La part du Lion de Macédoine (le lecteur est prié de sourire au calembour) fut offerte au génial Richard Burton. Ne cherchez aucune demi-mesure dans mon propos. Même en blond peroxydé, je reste un fan absolu de cet acteur fantastique. Son charisme écrase toute concurrence, au point que les Compagnons, pourtant essentiels dans la geste alexandrine, ce que Stone a bien mieux mis en avant en 2004, n’existent pas. Car tout est Alexandre. C’est à la fois la force et la faiblesse de cette superproduction. Plus que d’Alexandre le Grand, le propos est celui d’une réflexion sur le pouvoir, sur la solitude, le despotisme, la perte des illusions, le tout teinté de réflexions visiblement très personnelles de Rossen sur son époque.
Clairement, quant au contexte, Démosthène parle plus de la chasse aux sorcières, du despotisme du sénateur McCarthy que d’Alexandre.
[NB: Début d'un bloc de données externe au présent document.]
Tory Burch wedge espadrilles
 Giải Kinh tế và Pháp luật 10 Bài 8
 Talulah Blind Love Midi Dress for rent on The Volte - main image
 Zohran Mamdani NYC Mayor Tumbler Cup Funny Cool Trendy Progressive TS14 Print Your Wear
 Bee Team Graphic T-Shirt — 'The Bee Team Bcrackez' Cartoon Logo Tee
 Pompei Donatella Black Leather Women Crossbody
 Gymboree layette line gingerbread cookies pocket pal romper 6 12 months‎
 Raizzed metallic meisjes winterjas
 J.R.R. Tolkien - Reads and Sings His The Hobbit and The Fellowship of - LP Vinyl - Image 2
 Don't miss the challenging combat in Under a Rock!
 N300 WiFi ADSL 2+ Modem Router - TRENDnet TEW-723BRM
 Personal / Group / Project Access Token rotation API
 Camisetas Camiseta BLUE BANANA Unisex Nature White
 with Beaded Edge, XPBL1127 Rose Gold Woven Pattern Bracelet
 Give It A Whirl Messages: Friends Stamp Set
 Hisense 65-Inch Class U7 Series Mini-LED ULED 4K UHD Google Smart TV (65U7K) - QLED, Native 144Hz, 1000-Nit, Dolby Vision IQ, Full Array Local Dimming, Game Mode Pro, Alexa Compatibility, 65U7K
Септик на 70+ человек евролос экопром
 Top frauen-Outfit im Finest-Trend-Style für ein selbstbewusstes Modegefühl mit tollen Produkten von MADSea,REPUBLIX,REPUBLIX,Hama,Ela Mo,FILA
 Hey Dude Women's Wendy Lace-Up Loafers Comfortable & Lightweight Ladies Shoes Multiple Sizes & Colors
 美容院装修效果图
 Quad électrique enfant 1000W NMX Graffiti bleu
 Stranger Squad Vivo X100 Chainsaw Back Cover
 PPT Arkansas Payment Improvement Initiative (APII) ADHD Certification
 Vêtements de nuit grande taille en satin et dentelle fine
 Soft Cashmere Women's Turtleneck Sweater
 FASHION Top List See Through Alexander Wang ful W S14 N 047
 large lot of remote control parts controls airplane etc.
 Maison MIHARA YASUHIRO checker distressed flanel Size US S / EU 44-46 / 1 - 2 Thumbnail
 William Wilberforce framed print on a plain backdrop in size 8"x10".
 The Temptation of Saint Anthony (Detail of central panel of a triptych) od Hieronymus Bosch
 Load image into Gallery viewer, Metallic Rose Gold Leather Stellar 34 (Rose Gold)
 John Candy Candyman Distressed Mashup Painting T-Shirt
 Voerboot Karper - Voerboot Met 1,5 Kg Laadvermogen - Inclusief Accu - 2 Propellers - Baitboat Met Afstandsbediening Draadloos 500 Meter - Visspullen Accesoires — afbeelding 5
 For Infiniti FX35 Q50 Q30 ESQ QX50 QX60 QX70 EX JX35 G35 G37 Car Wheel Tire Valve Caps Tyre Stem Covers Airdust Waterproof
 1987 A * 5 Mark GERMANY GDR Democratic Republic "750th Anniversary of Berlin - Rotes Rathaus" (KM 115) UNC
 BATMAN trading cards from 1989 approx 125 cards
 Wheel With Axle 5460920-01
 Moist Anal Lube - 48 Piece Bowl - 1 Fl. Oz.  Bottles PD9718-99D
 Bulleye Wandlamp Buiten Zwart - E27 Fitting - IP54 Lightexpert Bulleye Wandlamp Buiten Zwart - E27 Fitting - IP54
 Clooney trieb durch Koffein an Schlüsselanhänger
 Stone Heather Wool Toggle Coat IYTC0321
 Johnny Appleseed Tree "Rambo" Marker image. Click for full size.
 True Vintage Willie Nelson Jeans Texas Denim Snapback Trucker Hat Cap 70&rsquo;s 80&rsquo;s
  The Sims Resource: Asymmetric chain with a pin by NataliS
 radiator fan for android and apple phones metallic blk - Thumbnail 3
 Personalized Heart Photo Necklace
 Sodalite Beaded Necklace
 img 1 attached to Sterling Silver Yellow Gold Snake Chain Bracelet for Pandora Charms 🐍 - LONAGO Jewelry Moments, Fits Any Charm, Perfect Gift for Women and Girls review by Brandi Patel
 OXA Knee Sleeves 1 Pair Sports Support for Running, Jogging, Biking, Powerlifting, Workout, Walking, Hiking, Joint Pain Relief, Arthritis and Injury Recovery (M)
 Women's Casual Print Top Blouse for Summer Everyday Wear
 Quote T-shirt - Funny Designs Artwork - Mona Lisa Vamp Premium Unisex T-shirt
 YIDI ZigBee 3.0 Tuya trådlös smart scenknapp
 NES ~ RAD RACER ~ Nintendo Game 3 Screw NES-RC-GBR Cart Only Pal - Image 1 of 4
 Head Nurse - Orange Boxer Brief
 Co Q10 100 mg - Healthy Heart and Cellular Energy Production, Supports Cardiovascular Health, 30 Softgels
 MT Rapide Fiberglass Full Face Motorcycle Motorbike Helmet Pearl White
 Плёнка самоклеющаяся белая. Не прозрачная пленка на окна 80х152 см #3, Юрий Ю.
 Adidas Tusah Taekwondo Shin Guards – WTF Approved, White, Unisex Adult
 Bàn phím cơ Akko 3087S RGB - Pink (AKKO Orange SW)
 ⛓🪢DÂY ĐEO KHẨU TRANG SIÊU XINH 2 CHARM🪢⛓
La Guerre Froide est là, dans cette confrontation d’empire et il est assez étonnant de constater que les Perses et ce touchant Darius, finalement, s’en sortent plutôt bien face à cet Alexandre dévorant d’ambition et au final aussi détestable que son père. On aurait pu s’attendre à moins de subtilité avec des méchants biens méchants or, justement, Rossen brosse un portrait assez ambigüe et, partant, assez intéressant. Staline est mort, on est en pleine Coexistence Pacifique, c’est assez clair en filigrane pour peu qu’on sache le chercher. C’est aussi ici que le film trouve ses limites. Théâtral quant aux discours, d’un découpage parfois trop rapide – la première partie est beaucoup plus réussie dans son approche père fils que la conquête météorique -, manquant de souffle et d’une réelle émotion finale, seul, finalement, Burton emporte totalement l’adhésion.
Ce n’est pas grandiose mais la marche pour Alexandre semble décidement trop haute pour le cinéma. Un film qui n’en reste pas moins intéressant et dont la note ici me désespère. Qu’Alexandre reste dans les étoiles, torves et complexes, avec Bowie.